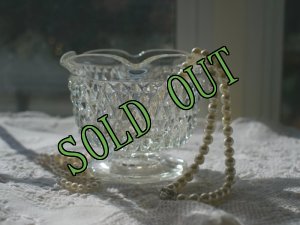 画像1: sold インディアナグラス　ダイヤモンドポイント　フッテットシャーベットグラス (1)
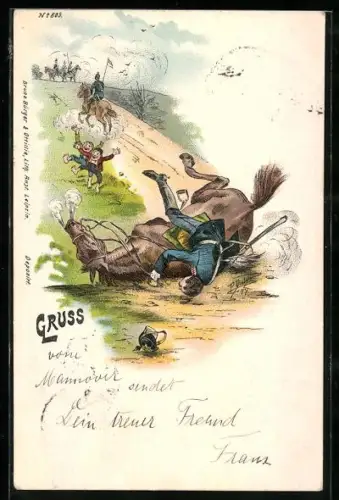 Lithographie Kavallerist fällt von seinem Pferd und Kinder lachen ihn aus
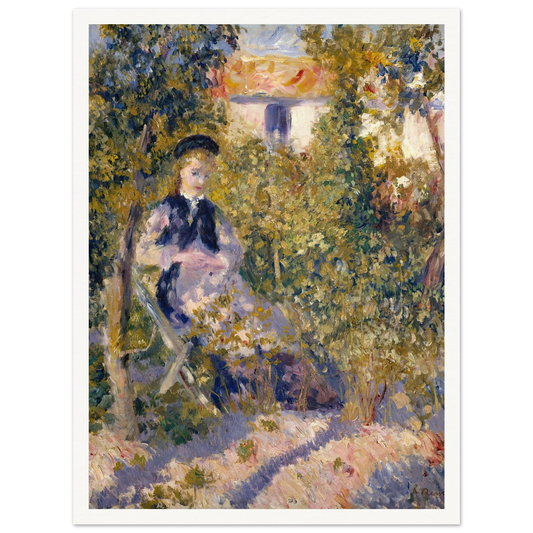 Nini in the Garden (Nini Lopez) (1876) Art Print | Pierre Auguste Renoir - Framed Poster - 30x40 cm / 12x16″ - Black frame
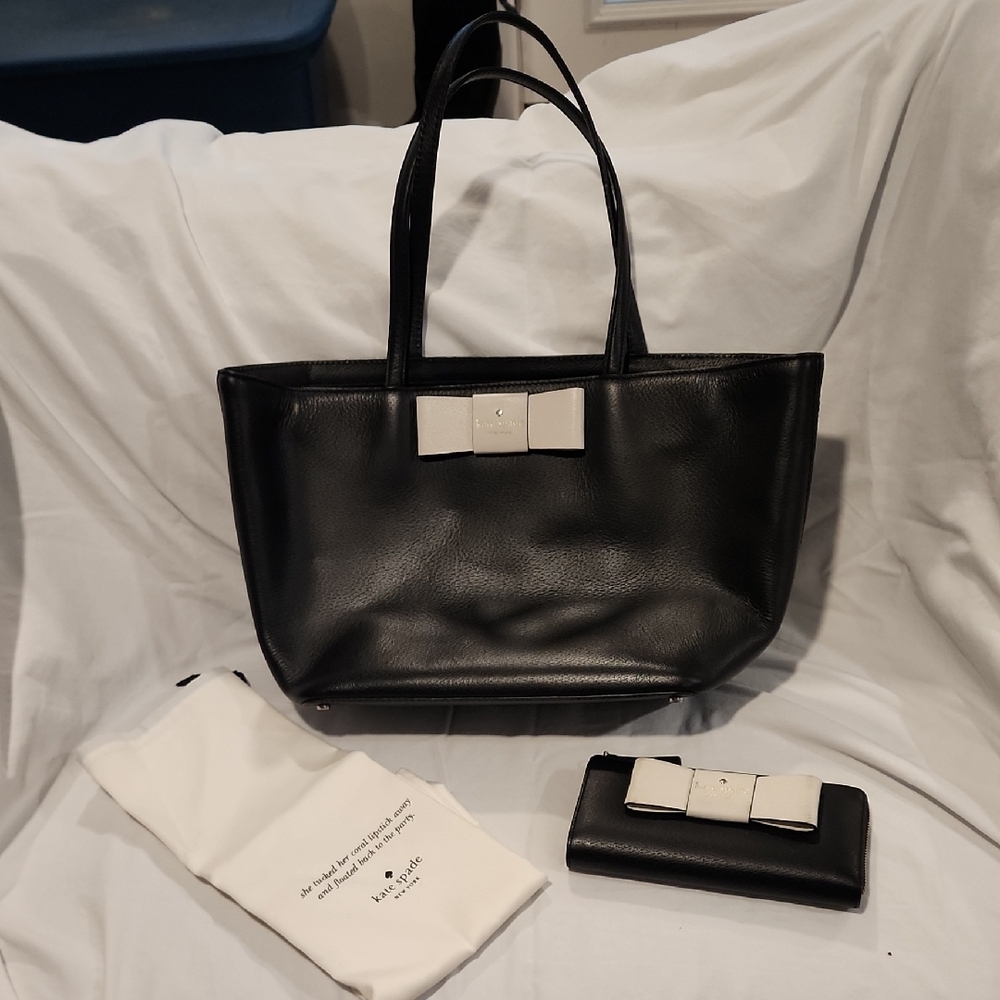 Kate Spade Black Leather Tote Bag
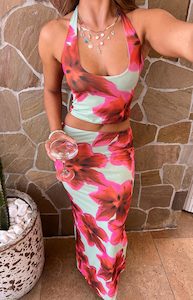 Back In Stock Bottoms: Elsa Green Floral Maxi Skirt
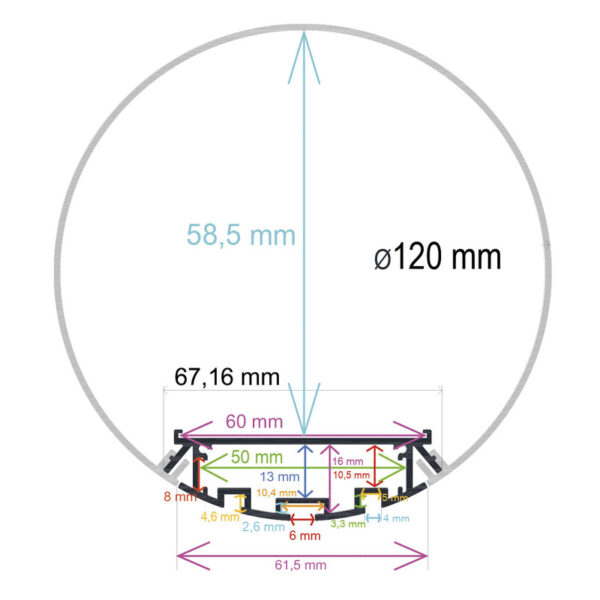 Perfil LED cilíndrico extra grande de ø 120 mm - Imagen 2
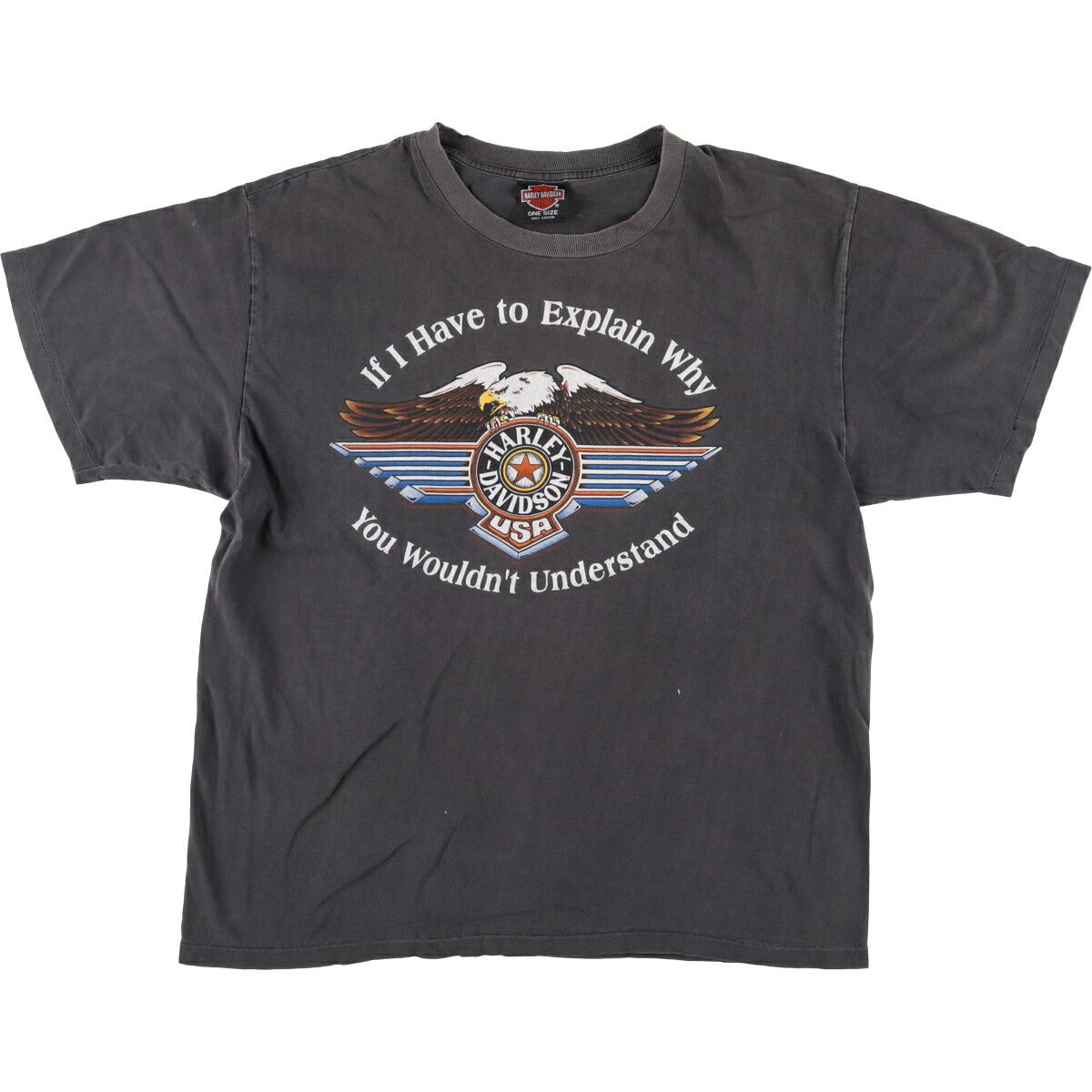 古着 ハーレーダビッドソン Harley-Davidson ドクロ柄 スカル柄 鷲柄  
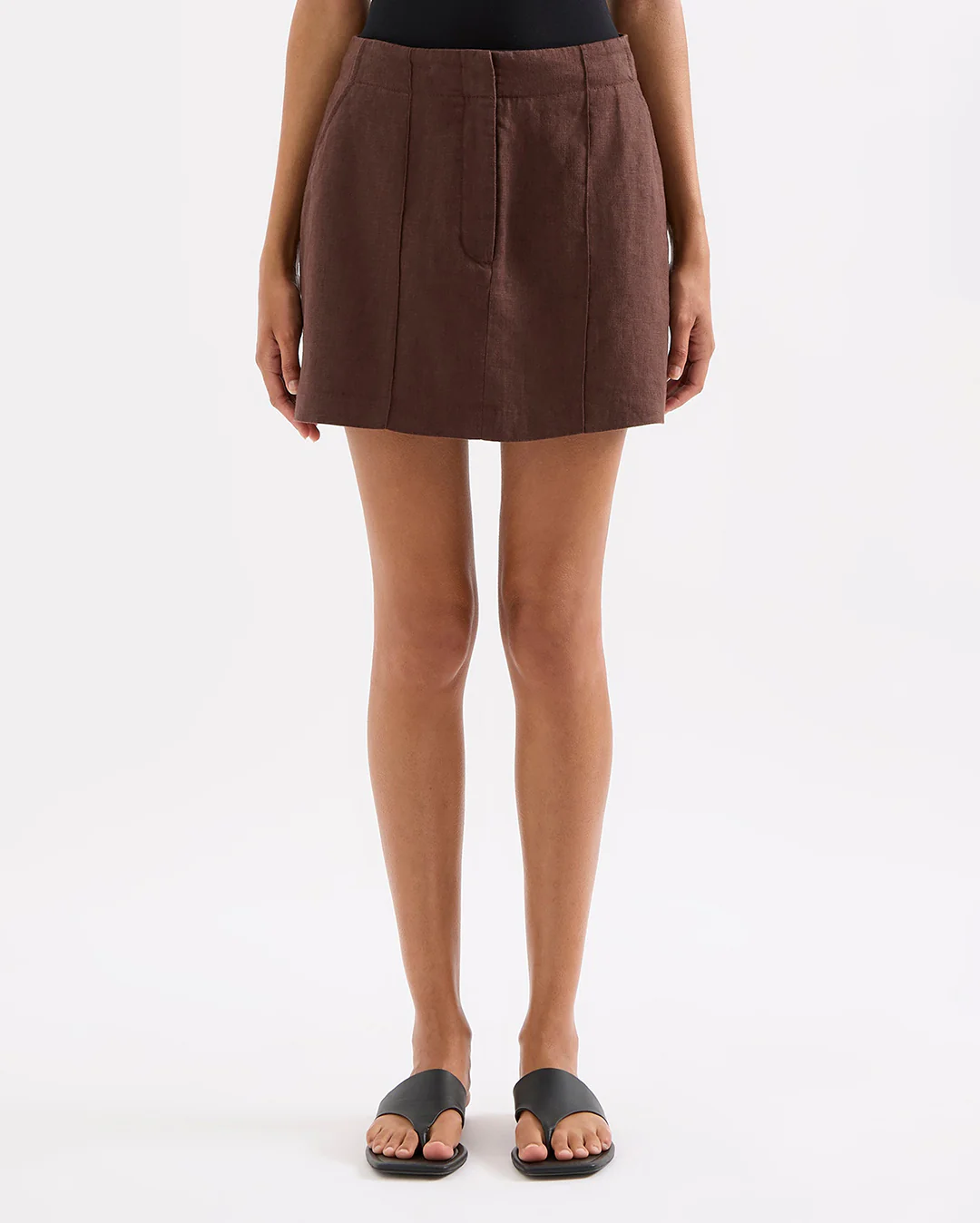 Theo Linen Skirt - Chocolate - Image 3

· · · · ·

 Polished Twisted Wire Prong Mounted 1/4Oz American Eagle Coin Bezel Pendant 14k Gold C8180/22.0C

· · · · ·

WHAT YOU ARE ASKED TO DO:
Above are some records. Reproduce the lines from the one with "Kate Spade Black Leather Tote Bag" down to the one with "Theo Linen Skirt - Chocolate - Image 3", keeping both, and leave every picture out.

RESULT OF THIS TASK:
 Kate Spade Black Leather Tote Bag
 Back In Stock Bottoms: Elsa Green Floral Maxi Skirt
 Perfil LED cilíndrico extra grande de ø 120 mm - Imagen 2
 古着 ハーレーダビッドソン Harley-Davidson ドクロ柄 スカル柄 鷲柄  
 Theo Linen Skirt - Chocolate - Image 3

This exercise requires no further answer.